- Russian ruble outperforms and CBR cuts rates by 100bps to 11.5%, resumes FX purchases
- More negative on the Brazilian real
- Asian currencies lacking direction
Russian ruble outperforms
This week the Russian ruble was the best performing emerging market currency mainly because Brent oil prices had some upward momentum. Earlier in the week, the Central Bank of Russia (CBR) cut its key rate by 100bps to 11.5%. Since the end of last year, when Russia was in the midst of a financial crisis that forced the CBR to hike rates to 17% to defend the ruble, rates have been lowered by a cumulative 5.5 percentage points. The central bank signaled that the pace of monetary easing is likely to moderate a bit going forward as inflation expectations could become dislodged. Inflation, while starting to come down, is still high, at 15.8% in May.
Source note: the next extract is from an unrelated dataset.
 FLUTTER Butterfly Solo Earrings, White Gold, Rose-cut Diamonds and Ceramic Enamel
Another reason that could prompt the CBR to be cautious in reducing rates is that it is continuing its FX purchases at a daily pace of around $200 million. This also leads to a looser policy stance. However, with the economy falling ever deeper into recession, we think that the central bank will be forced to continue loosening policy. As such, we expect CBR’s key rate to be cut to 9% at the end of this year. As the CBR’s decision was expected, it did not affect the ruble.
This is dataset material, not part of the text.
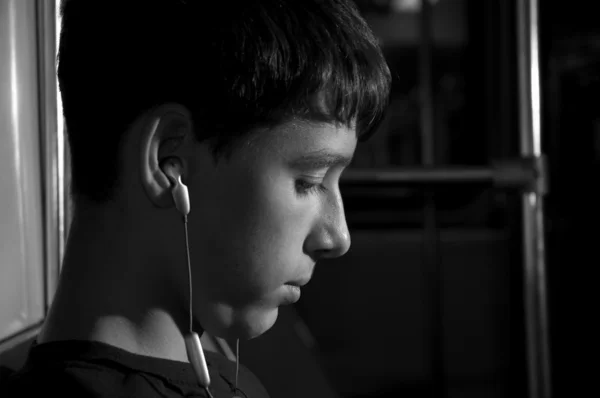 Teen with headphones — Stock Photo, Image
More weakness in Brazilian real
We have adjusted our GDP forecasts for Brazil for Q2 downwards (see our Brazil Watch: Growth Down, inflation up). The first data available for Q2 point to a deeper recession. Despite the sharp economic slowdown, inflation continues to rise in almost every category, reaching 8.5% yoy in May, up from 8.2% in April. Most of the price increase is due to the fiscal adjustment that is currently taking place. The central bank has remained vigilant. Therefore, one or two more rate hikes are likely in our view. Meanwhile, the central bank has signalled via lower interventions that it is comfortable with a possible weakening of the real. To take all the above into account, we now expect a further weakening of the real versus the US dollar in 2016. Our new year-end 2016 forecast is 3.4 in USD/BRL.
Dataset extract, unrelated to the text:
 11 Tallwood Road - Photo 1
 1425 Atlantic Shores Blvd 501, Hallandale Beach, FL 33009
Asian currencies lacking direction
Asian currencies lacked direction in the past week. The Singapore dollar, given its high sensitive to interest rates in the US, gained due to market expectations that the Fed will raise interest rates at a slower pace. The outlook for the South Korean won remains weak as concerns linger that the Middle East respiratory syndrome (MERS) outbreak will hurt household consumption and the service sector. Separately, short term volatility expectations in the onshore Chinese yuan have declined to the lowest level since 2010. Market expectations are that the Chinese authorities will keep the yuan stable ahead of the upcoming IMF review on the yuan inclusion in the SDR basket. Looking ahead, we maintain our slightly bearish view that the yuan will decline towards 6.30 against the USD later this year based on economic fundamentals.